From: Mike Waychison <mikew@google.com>
Subject: Re: fallocate support for bitmap-based files
Date: Fri, 29 Jun 2007 18:07:25 -0400
Message-ID: <4685829D.2020401@google.com>
References: <20070629130120.ec0d1c75.akpm@linux-foundation.org>	<20070629205525.GD32178@thunk.org> <20070629143818.9f4ac7d7.akpm@linux-foundation.org>
Mime-Version: 1.0
Content-Type: text/plain; charset=ISO-8859-1; format=flowed
Content-Transfer-Encoding: 7bit
Cc: Theodore Tso <tytso@mit.edu>,
	Andreas Dilger <adilger@clusterfs.com>,
	Sreenivasa Busam <sreenivasac@google.com>,
	"linux-ext4@vger.kernel.org" <linux-ext4@vger.kernel.org>
To: Andrew Morton <akpm@linux-foundation.org>
In-Reply-To: <20070629143818.9f4ac7d7.akpm@linux-foundation.org>
Sender: linux-ext4-owner@vger.kernel.org

Andrew Morton wrote:
> On Fri, 29 Jun 2007 16:55:25 -0400
> Theodore Tso <tytso@mit.edu> wrote:
> 
> 
>>On Fri, Jun 29, 2007 at 01:01:20PM -0700, Andrew Morton wrote:
>>
>>>Guys, Mike and Sreenivasa at google are looking into implementing
>>>fallocate() on ext2.  Of course, any such implementation could and should
>>>also be portable to ext3 and ext4 bitmapped files.
>>
>>What's the eventual goal of this work?  Would it be for mainline use,
>>or just something that would be used internally at Google?
> 
> 
> Mainline, preferably.
> 
> 
>> I'm not
>>particularly ennthused about supporting two ways of doing fallocate();
>>one for ext4 and one for bitmap-based files in ext2/3/4.  Is the
>>benefit reallyworth it?
> 
> 
> umm, it's worth it if you don't want to wear the overhead of journalling,
> and/or if you don't want to wait on the, err, rather slow progress of ext4.
> 
> 
>>What I would suggest, which would make much easier, is to make this be
>>an incompatible extensions (which you as you point out is needed for
>>security reasons anyway) and then steal the high bit from the block
>>number field to indicate whether or not the block has been initialized
>>or not.  That way you don't end up having to seek to a potentially
>>distant part of the disk to check out the bitmap.  Also, you don't
>>have to worry about how to recover if the "block initialized bitmap"
>>inode gets smashed.  
>>
>>The downside is that it reduces the maximum size of the filesystem
>>supported by ext2 by a factor of two.  But, there are at least two
>>patch series floating about that promise to allow filesystem block
>>sizes > than PAGE_SIZE which would allow you to recover the maximum
>>size supported by the filesytem.
>>
>>Furthermore, I suspect (especially after listening to a very fasting
>>Usenix Invited Talk by Jeffery Dean, a fellow from Google two weeks
>>ago) that for many of Google's workloads, using a filesystem blocksize
>>of 16K or 32K might not be a bad thing in any case.
>>
>>It would be a lot simpler....
>>
> 
> 
> Hadn't thought of that.
> 
> Also, it's unclear to me why google is going this way rather than using
> (perhaps suitably-tweaked) ext2 reservations code.
> 
> Because the stock ext2 block allcoator sucks big-time.
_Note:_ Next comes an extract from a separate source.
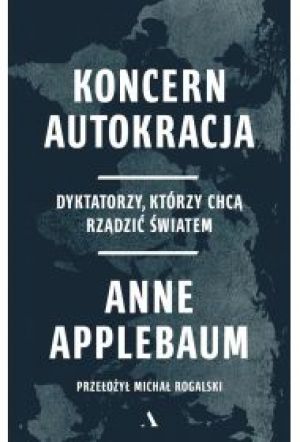 Anne Applebaum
The primary reason this is a problem is that our writers into these 
files aren't neccesarily coming from the same hosts in the cluster, so 
their arrival times aren't sequential.  It ends up looking to the kernel 
like a random write workload, which in turn ends up causing odd 
fragmentation patterns that aren't very deterministic.  That data is 
often eventually streamed off the disk though, which is when the 
fragmentation hurts.

Currently, our clustered filesystem supports pre-allocation of the 
target chunks of files, but this is implemented by writting effectively 
zeroes to files, which in turn causes pagecache churn and a double 
write-out of the blocks.  Recently, we've changed the code to minimize 
this pagecache churn and double write out by performing an ftruncate to 
extend files, but then we'll be back to square-one in terms of 
fragmentation for the random writes.

Relying on (a tweaked) reservations code is also somewhat limitting at 
this stage given that reservations are lost on close(fd).  Unless we 
change the lifetime of the reservations (maybe for the lifetime of the 
in-core inode?), crank up the reservation sizes and deal with the 
overcommit issues, I can't think of any better way at this time to deal 
with the problem.

Mike Waychison